▸ **ASSIGNMENT**:
In the entries below, begin at the line that has "Radaway Espera Pro", stop after the line that has "CREAM CANVAS FAUX", and output those lines exactly with no pictures.

▸ **DATA EXCERPTS**:
________

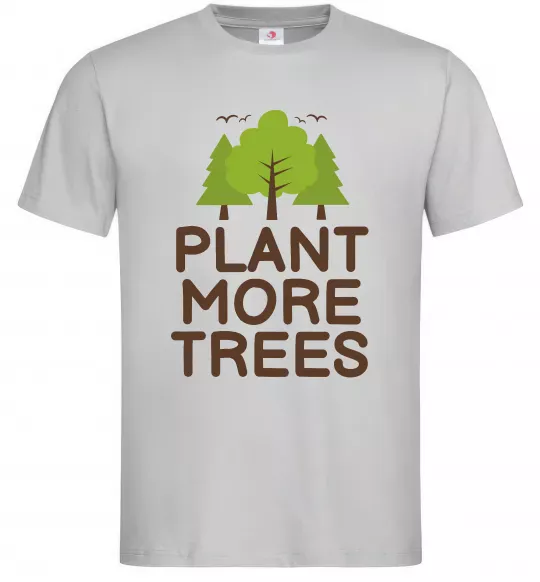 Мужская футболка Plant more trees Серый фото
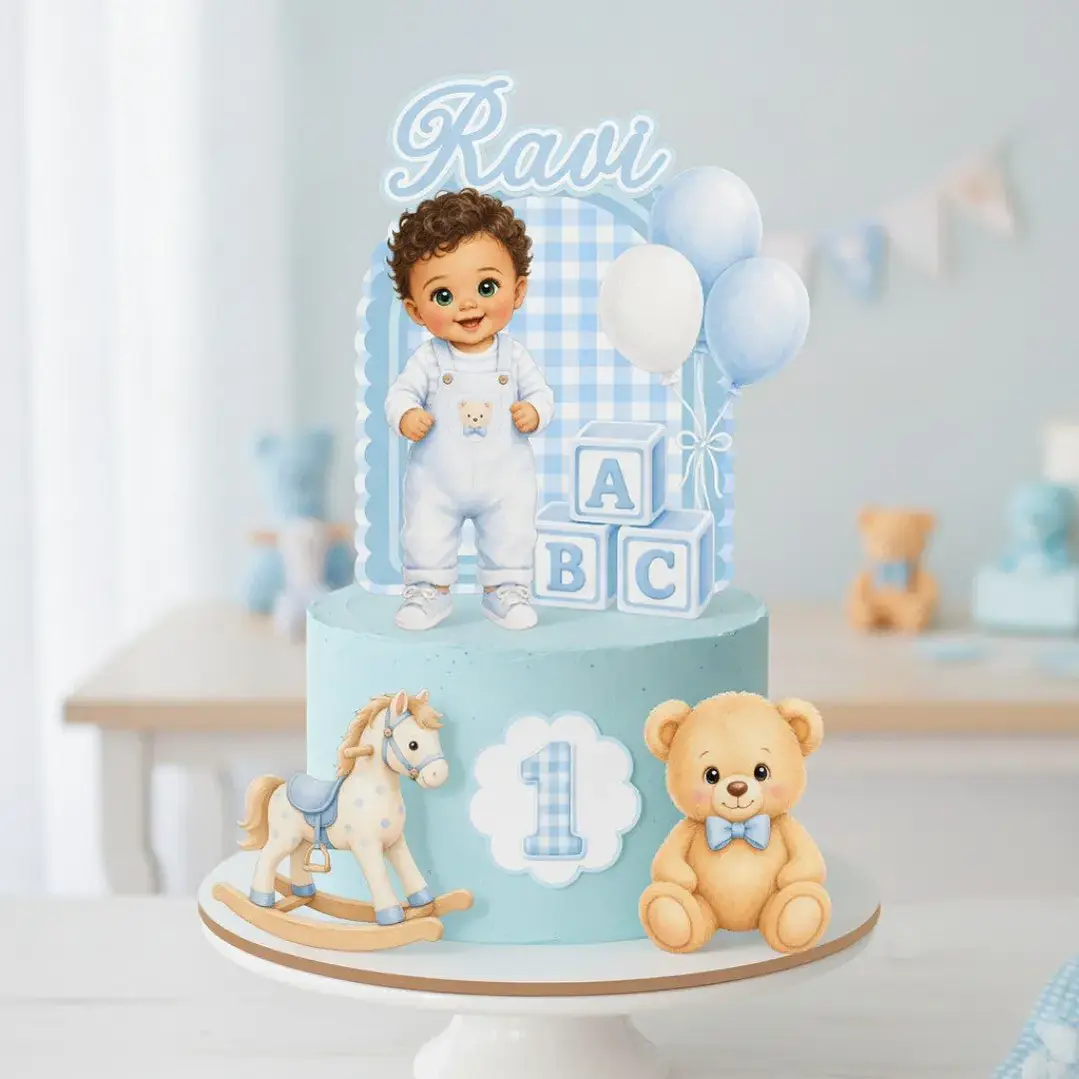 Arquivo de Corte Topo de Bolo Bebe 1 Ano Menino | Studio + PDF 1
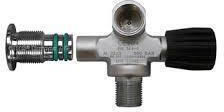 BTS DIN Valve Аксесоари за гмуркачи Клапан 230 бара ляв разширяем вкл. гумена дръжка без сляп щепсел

________

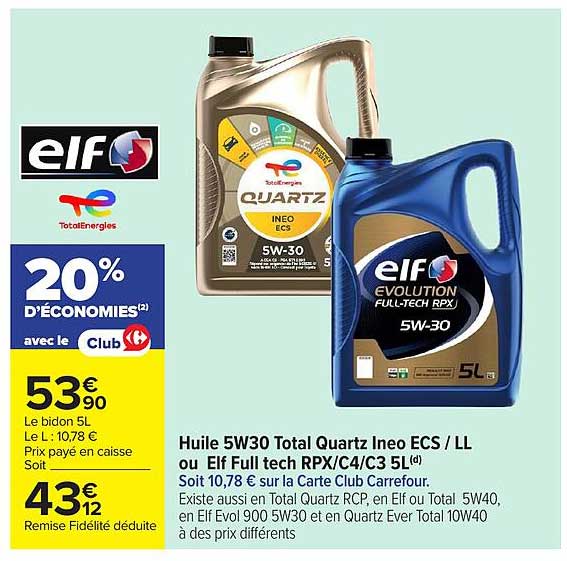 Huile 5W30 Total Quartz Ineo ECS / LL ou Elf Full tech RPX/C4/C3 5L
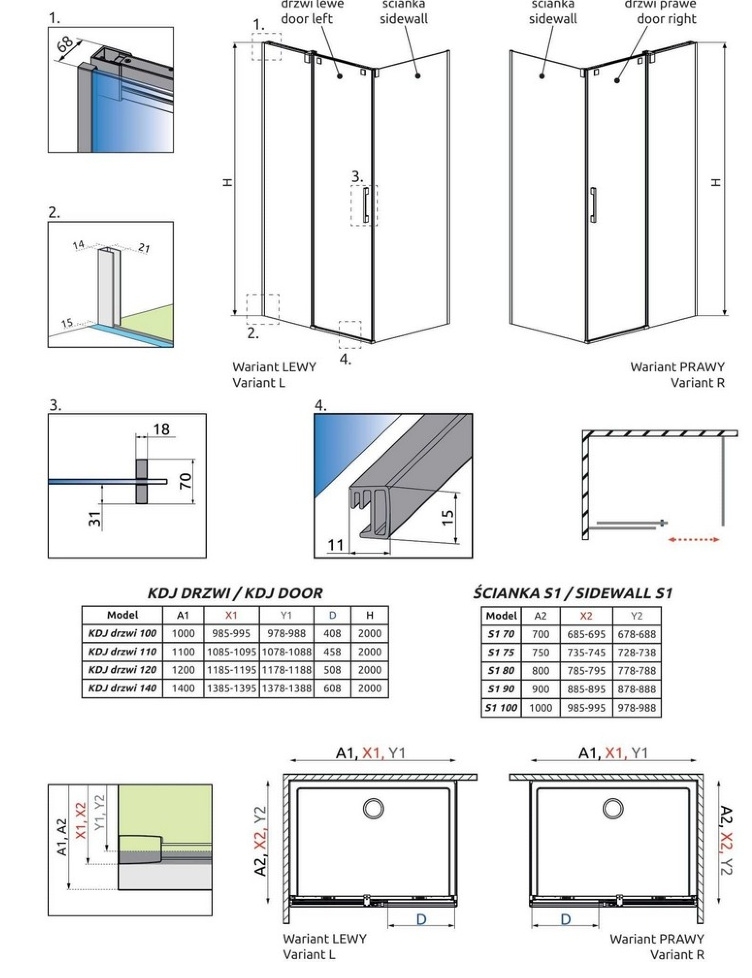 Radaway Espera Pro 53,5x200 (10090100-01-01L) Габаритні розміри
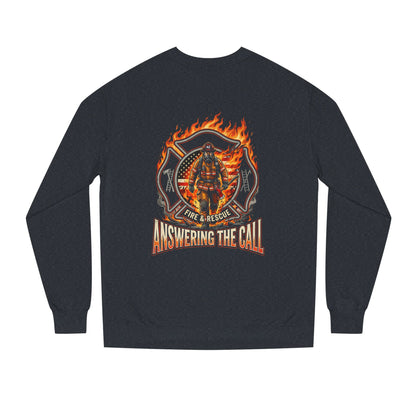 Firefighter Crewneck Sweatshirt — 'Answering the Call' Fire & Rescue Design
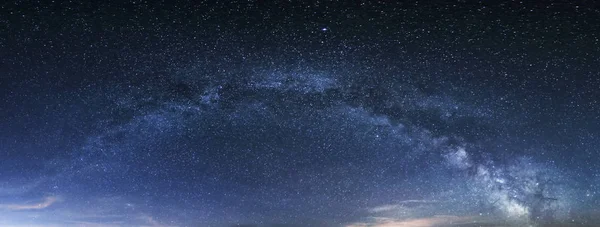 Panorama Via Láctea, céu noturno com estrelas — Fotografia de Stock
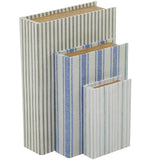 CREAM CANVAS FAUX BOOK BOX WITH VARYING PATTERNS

________

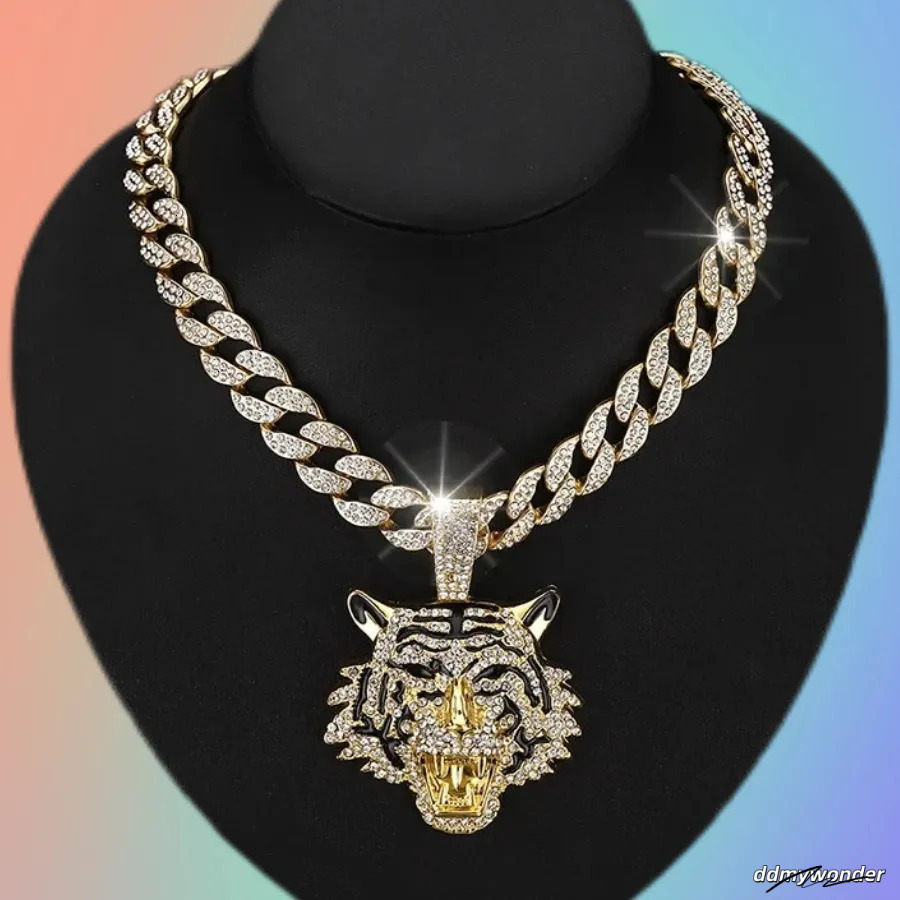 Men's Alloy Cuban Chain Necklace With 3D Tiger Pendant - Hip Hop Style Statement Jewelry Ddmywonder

________

▸ **TASK RESULT**:
 Radaway Espera Pro 53,5x200 (10090100-01-01L) Габаритні розміри
 Firefighter Crewneck Sweatshirt — 'Answering the Call' Fire & Rescue Design
 Panorama Via Láctea, céu noturno com estrelas — Fotografia de Stock
 CREAM CANVAS FAUX BOOK BOX WITH VARYING PATTERNS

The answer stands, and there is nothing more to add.